The first four cases took most of the two days. It was very late afternoon by the time this appeal was reached. The court was now nearly empty. The two advocates left were northerners*. Three Court of Appeal judges looked at us with a look that said “you have ten minutes each”. In fact I think they actually said you have ten minutes each.
I cannot, of course, do justice to the eloquence and legal reasoning of the advocates in our allotted ten minutes.
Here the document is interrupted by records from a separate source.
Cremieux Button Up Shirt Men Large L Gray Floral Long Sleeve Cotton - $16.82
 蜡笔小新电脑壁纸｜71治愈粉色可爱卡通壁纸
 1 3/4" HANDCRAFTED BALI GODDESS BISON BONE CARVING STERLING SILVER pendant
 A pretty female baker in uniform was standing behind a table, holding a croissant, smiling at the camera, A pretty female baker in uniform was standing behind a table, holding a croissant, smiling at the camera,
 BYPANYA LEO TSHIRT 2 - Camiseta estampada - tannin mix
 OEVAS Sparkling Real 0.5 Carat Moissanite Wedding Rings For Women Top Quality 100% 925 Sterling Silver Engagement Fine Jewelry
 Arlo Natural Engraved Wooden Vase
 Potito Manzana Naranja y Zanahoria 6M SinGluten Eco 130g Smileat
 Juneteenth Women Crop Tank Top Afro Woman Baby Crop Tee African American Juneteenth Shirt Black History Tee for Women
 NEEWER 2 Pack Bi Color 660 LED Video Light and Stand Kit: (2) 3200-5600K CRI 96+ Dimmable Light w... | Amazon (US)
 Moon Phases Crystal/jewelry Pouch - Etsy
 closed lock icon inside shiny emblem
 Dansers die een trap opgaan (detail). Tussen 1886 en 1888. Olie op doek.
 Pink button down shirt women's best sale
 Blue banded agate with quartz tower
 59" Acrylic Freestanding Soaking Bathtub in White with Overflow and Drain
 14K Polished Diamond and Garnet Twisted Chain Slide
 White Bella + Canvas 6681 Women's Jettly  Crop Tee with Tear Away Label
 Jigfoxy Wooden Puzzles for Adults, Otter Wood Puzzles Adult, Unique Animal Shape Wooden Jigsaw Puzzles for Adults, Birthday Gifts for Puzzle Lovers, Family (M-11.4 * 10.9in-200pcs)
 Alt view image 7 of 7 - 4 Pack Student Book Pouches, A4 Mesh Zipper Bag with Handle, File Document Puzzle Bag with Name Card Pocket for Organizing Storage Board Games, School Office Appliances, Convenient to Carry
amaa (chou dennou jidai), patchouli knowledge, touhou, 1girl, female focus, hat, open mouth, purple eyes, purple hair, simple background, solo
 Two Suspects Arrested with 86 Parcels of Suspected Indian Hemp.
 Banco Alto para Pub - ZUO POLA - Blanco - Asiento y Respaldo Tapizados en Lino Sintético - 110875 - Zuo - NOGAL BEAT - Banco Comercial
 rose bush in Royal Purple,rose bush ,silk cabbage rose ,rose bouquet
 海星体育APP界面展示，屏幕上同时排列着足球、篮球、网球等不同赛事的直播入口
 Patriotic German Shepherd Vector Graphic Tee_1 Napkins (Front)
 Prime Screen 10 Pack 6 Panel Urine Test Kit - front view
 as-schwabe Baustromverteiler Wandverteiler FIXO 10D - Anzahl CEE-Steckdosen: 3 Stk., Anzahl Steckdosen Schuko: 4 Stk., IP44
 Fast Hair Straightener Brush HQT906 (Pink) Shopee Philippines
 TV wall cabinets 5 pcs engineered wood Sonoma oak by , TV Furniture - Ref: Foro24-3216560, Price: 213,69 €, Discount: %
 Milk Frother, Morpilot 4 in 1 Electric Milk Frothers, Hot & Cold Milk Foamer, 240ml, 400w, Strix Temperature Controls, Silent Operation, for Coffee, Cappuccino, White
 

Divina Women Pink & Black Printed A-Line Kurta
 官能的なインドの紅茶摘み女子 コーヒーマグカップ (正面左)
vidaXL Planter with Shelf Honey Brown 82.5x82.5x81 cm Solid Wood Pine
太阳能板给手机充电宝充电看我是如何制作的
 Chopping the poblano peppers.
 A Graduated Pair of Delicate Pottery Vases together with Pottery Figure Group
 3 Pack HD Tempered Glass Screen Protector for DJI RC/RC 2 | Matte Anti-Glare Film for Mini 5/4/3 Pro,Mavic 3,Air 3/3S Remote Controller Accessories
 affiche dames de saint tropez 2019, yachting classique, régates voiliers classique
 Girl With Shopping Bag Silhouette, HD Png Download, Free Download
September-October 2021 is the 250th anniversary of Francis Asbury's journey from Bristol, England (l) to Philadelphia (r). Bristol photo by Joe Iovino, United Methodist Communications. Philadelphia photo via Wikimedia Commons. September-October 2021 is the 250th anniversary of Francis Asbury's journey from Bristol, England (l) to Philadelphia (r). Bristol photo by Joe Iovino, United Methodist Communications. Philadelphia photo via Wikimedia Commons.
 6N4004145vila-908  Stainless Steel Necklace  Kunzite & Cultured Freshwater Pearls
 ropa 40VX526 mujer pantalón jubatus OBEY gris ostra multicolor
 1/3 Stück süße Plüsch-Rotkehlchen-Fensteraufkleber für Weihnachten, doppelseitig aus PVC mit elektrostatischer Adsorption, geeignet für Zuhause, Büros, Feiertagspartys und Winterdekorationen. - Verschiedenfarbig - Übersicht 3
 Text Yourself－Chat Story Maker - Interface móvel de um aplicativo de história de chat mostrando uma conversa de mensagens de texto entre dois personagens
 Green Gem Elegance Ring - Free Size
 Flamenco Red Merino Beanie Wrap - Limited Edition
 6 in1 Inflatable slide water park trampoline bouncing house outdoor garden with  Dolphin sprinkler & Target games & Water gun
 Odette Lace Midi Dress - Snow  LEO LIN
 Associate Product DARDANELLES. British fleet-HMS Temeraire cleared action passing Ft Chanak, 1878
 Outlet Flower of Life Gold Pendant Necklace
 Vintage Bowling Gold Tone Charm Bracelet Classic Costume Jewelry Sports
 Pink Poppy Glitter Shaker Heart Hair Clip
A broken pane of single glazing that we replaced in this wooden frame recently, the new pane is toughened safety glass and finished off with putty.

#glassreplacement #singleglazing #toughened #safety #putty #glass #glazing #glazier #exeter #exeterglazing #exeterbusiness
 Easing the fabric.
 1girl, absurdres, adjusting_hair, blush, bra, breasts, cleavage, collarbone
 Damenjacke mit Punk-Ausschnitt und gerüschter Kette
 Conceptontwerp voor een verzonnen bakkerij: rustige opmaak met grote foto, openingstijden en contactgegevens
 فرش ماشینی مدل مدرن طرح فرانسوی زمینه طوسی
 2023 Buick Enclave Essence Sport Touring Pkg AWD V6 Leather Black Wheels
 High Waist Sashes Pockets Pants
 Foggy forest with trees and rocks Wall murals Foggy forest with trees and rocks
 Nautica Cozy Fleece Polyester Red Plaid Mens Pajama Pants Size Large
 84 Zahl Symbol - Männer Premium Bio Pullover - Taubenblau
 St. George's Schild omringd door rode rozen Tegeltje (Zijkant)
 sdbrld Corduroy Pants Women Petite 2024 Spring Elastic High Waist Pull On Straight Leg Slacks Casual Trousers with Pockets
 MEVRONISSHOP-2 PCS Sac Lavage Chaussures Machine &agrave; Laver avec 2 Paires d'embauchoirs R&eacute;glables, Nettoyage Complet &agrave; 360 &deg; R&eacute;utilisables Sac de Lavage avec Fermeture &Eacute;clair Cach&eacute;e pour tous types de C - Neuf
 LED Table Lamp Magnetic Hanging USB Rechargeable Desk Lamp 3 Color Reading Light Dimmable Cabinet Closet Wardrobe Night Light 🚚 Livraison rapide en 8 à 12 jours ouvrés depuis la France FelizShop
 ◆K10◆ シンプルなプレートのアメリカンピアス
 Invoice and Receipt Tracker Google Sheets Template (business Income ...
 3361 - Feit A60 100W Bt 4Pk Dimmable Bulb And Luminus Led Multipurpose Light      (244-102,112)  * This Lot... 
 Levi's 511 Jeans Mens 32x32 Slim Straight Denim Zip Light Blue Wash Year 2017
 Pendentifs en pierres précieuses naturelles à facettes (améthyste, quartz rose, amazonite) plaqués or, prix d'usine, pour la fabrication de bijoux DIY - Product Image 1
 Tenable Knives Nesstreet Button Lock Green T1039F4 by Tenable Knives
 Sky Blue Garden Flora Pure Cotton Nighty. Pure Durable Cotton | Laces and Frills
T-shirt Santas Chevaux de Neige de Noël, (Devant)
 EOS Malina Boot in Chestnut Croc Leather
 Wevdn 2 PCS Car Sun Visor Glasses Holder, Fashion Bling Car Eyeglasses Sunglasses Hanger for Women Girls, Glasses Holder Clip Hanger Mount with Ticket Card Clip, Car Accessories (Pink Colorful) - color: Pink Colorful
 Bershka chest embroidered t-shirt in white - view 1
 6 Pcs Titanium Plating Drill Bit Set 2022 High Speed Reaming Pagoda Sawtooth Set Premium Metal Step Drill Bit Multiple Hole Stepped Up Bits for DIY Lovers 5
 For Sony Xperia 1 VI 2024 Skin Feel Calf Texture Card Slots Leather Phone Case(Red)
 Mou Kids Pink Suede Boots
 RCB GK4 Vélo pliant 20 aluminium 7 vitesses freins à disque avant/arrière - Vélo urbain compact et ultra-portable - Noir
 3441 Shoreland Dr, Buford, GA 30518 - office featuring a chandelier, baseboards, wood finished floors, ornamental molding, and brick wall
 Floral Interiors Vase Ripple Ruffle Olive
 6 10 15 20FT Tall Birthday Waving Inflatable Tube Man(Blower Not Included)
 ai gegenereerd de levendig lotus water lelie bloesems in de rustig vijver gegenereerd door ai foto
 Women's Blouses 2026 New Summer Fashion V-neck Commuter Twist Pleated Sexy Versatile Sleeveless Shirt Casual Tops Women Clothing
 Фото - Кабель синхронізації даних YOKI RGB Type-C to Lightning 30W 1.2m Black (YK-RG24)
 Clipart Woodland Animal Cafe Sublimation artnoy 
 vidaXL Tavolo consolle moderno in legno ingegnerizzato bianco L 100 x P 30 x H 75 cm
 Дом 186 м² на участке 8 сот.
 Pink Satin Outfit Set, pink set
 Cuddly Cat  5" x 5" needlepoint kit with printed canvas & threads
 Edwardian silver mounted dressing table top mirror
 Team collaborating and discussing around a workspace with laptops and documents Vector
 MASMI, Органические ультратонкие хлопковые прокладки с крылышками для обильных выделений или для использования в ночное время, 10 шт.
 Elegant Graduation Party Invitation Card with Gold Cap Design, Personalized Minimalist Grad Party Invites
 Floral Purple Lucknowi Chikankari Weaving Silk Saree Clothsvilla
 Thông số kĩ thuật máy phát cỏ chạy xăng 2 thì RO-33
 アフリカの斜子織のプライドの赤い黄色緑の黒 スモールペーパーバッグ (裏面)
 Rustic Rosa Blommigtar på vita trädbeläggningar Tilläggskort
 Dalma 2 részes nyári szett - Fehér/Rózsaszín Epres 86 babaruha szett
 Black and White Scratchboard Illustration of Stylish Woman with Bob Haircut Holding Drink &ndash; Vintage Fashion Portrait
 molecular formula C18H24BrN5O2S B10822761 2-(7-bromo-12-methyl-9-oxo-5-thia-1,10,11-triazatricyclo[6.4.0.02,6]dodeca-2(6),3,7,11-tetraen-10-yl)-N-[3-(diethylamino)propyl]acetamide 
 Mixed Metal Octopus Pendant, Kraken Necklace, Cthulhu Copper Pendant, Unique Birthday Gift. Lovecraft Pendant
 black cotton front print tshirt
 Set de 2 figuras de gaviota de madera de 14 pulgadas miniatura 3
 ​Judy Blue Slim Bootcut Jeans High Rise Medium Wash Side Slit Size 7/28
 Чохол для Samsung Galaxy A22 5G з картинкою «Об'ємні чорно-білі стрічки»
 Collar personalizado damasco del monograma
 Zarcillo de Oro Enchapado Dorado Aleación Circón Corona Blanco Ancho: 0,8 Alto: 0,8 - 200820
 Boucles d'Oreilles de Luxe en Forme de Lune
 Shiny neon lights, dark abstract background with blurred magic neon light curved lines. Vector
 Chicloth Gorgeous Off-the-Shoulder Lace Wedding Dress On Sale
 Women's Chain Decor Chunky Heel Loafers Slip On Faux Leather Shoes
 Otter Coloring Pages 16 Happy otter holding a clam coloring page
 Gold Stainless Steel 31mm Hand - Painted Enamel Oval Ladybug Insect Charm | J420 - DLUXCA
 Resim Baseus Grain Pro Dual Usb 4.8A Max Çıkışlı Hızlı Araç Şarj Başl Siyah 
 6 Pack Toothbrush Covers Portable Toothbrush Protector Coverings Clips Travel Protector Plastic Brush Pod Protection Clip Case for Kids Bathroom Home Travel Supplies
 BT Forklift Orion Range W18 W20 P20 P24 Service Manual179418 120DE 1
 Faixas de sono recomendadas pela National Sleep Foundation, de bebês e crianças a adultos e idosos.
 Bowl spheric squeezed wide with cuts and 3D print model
However distilled down the submissions amounted to:
“It is the last known address because it is the last known address” (claimant).
“It can’t be the last known address because they knew he wasn’t there” (defendant).
THE FINDING: IT WAS THE LAST KNOWN ADDRESS
The Court of Appeal placed considerable emphasis on the point that the MIB had to agree that it was, in fact, the last known address. It was its investigator that could not find a forwarding address.
“The CPR do not make it clear whether service by post to a defendant’s last known address at which he no longer resides, and the defendant does not in fact receive the claim, is good service”.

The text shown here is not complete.